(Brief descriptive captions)
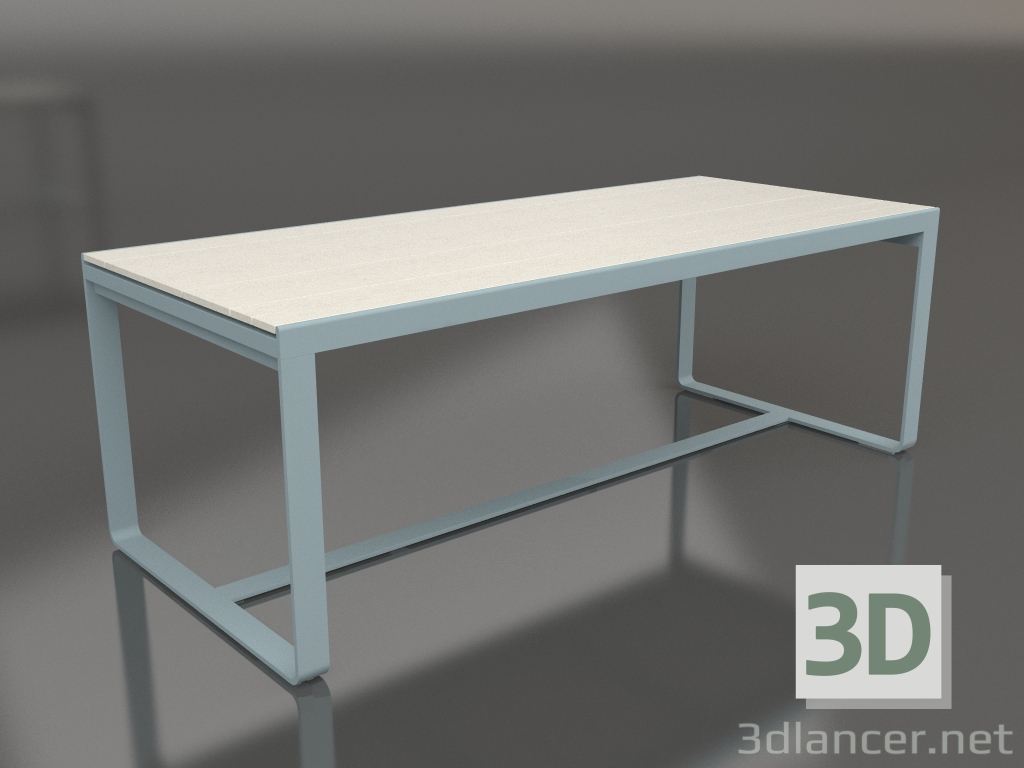 3D Modell Esstisch 210 (DEKTON Danae, Blaugrau) - Vorschau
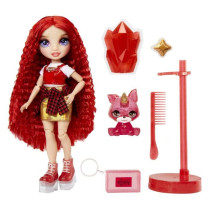 Rainbow High Fashion Doll with Slime Kit and Pet - Ruby (Red) - 11" Gl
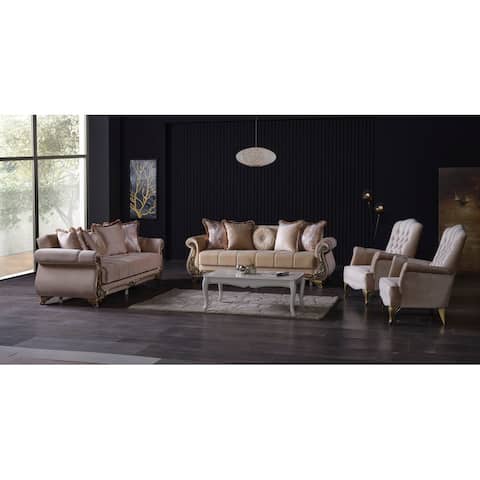 Monys 3-piece 1 Sofa, 1 Loveseat And 1 Chair Living Room set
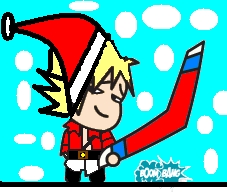 Hijo de Papa Noel para el concurso.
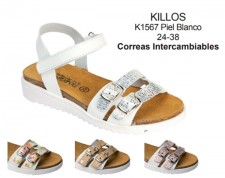 Killos, Girl Leather Sandal Straps 4 in 1.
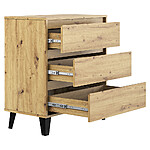 comoda cu 3 sertare stejar artisan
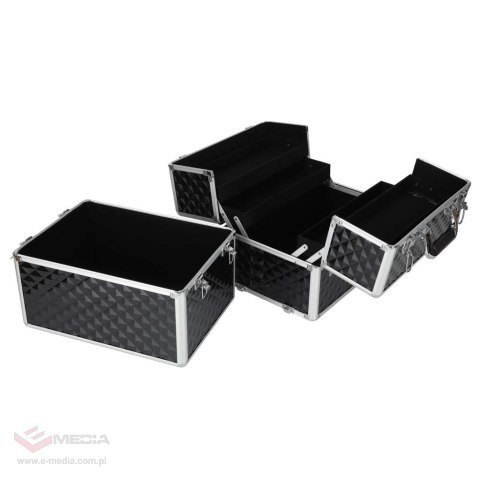 Kuferek na kosmetyki walizka organizer kosmetyczny XXL 3D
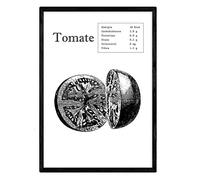 Nacnic Poster Tomate.Láminas de fruits et légumes. format A4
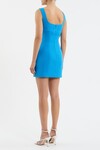 SKYLA BOTTON MINI DRESS (BLUE)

Instructions to follow
Copy exactly the lines from the one containing "Killos, Girl Leather Sandal Straps 4 in 1." to the end of the records, both included, and leave the pictures out.

Solution to this exercise
 Killos, Girl Leather Sandal Straps 4 in 1.
 comoda cu 3 sertare stejar artisan
 Kuferek na kosmetyki walizka organizer kosmetyczny XXL 3D
 Nacnic Poster Tomate.Láminas de fruits et légumes. format A4
 SKYLA BOTTON MINI DRESS (BLUE)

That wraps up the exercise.